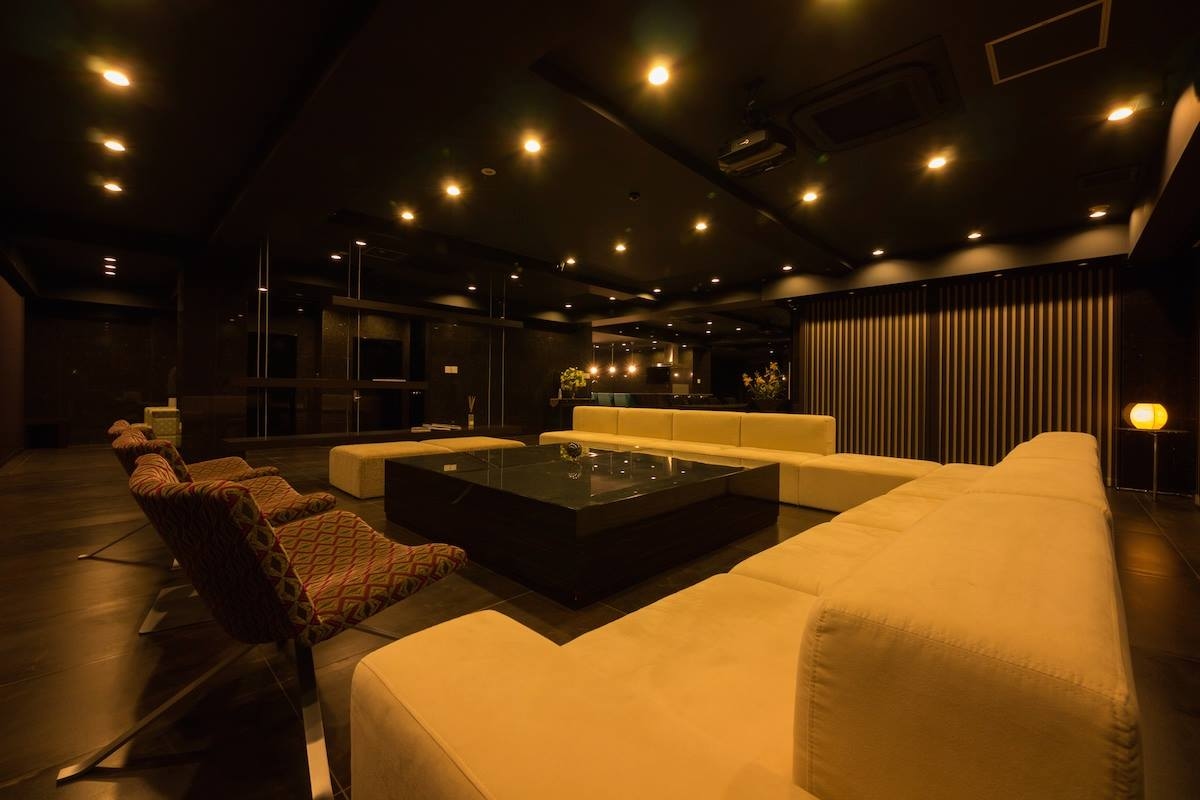 レイアウト自由なソファースペース。100インチプロジェクターとシアターシステム完備。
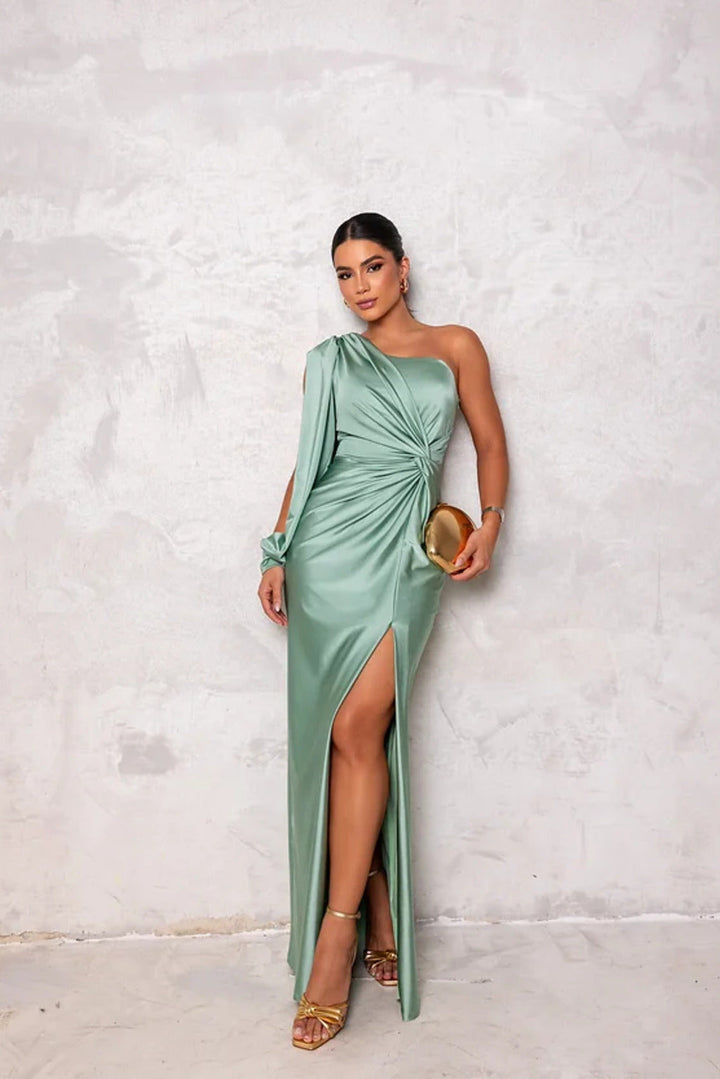 Fely - Strahlendes Satin-Kleid mit Schulterfrei-Design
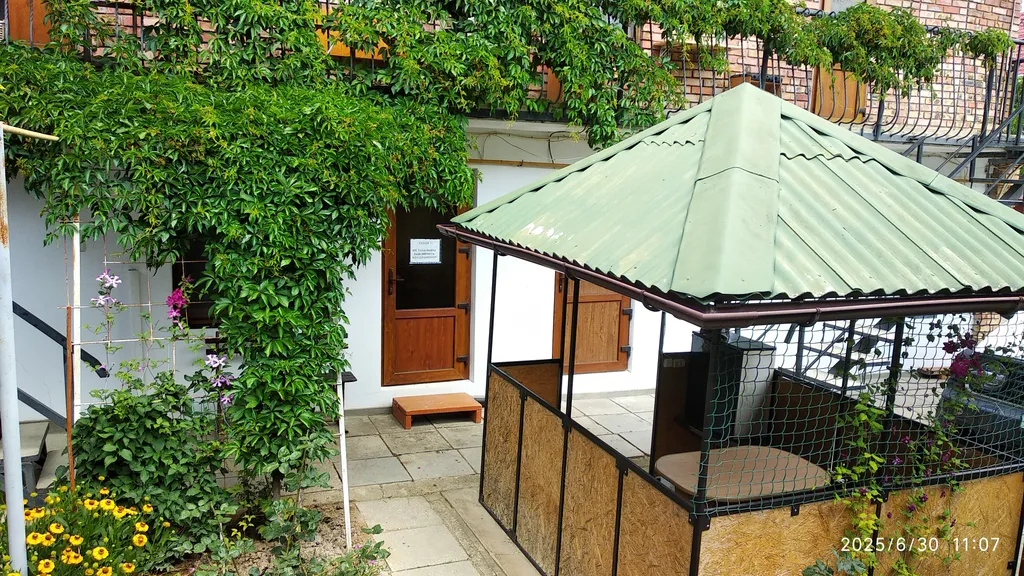 Двухкомнатный семейный трёхместный номер комфорт.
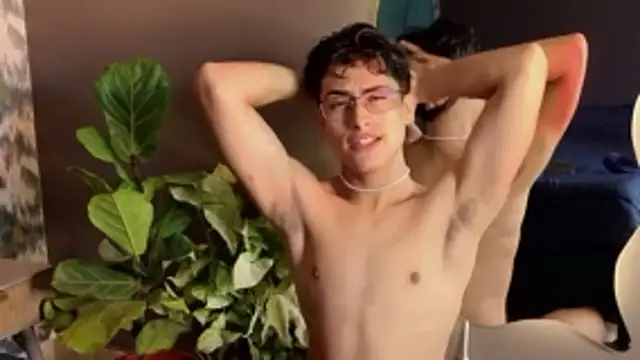 Aaron Eze online show from November 22, 9:14 pm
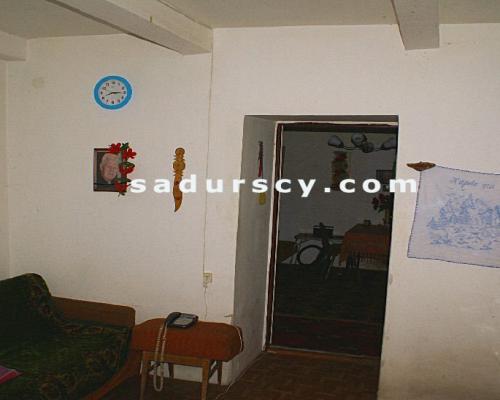 Działka 2100m2  z domem z dobudówką, razem 4 pokoje z kuchnią, łazienką, we wsi Niedźwiada Duża, ok. 15 km od Kazimierza Dolneg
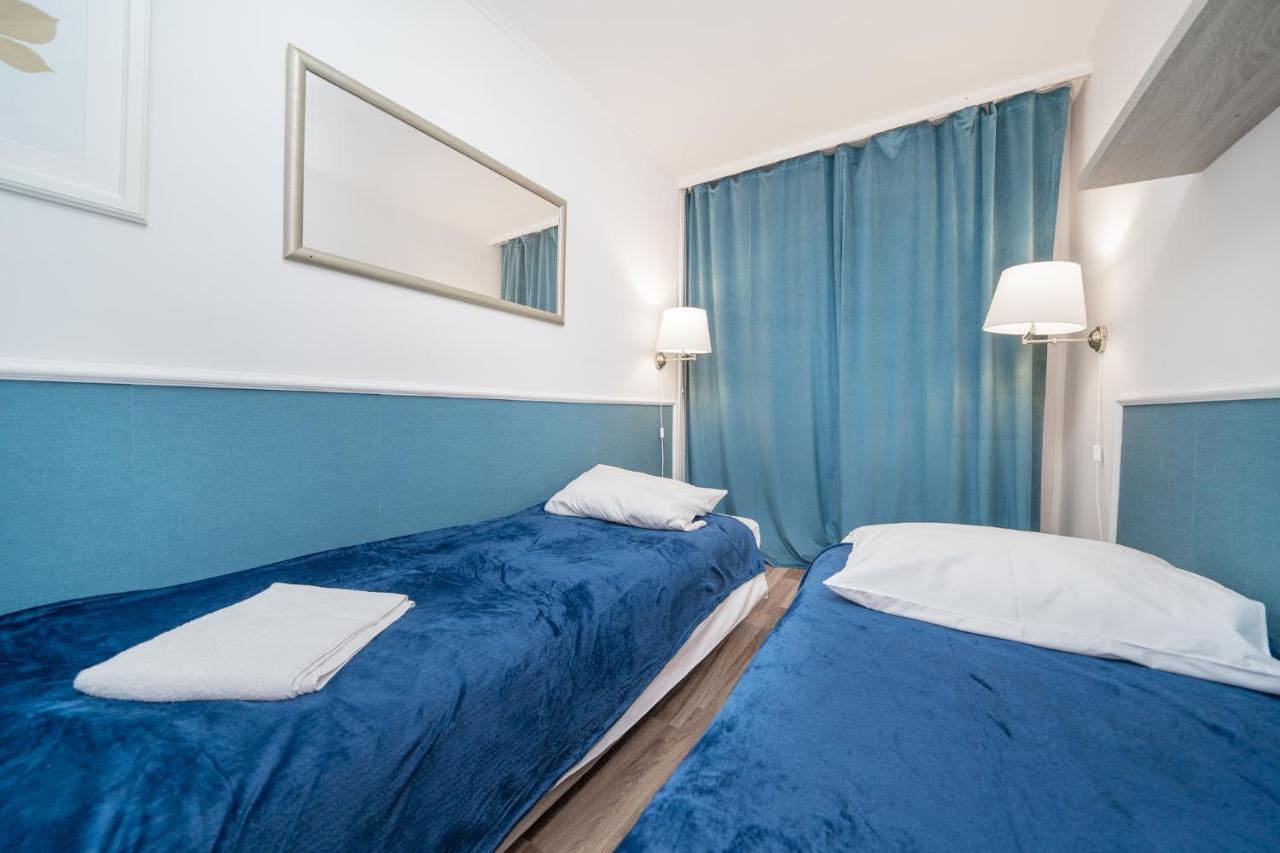 Unit Rooms Warszawa By Metro Rondo Onz Short Rent Idealne Pokoje Na Nocleg W Warszawie Esterno foto
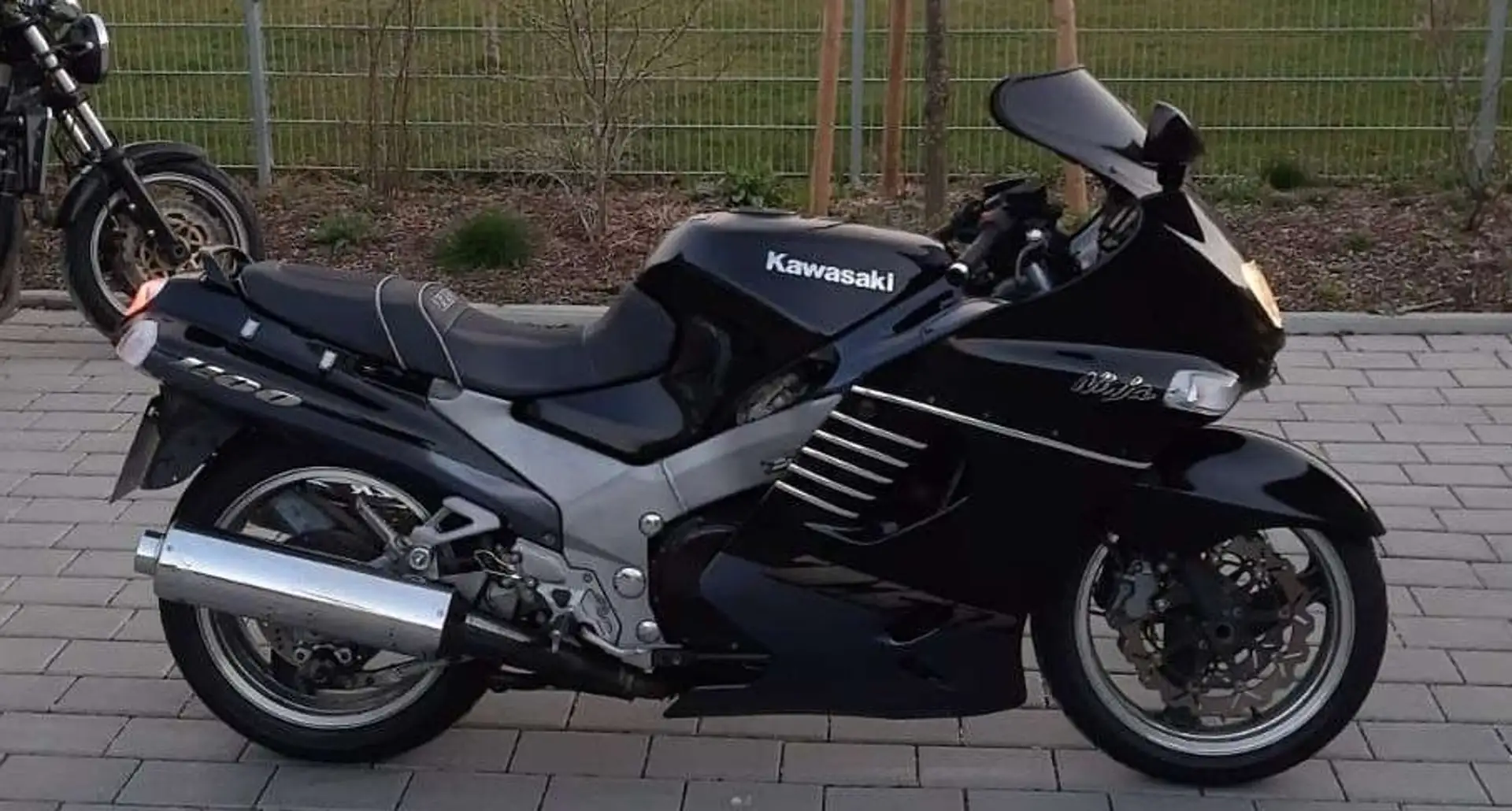 Kawasaki ZZR 1100 Noir - 1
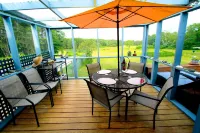 Heated Pool, Private Beach, Gorgeous Views, Pet,10% discount for 7 days or more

- [YOUR GOAL]
In the listing above, the required lines run from the line with "Fely - Strahlendes" through the line with "od Kazimierza Dolneg". Output exactly those lines, omitting pictures.

- [RESPONSE AREA]
 Fely - Strahlendes Satin-Kleid mit Schulterfrei-Design
 Двухкомнатный семейный трёхместный номер комфорт.
 Aaron Eze online show from November 22, 9:14 pm
 Działka 2100m2  z domem z dobudówką, razem 4 pokoje z kuchnią, łazienką, we wsi Niedźwiada Duża, ok. 15 km od Kazimierza Dolneg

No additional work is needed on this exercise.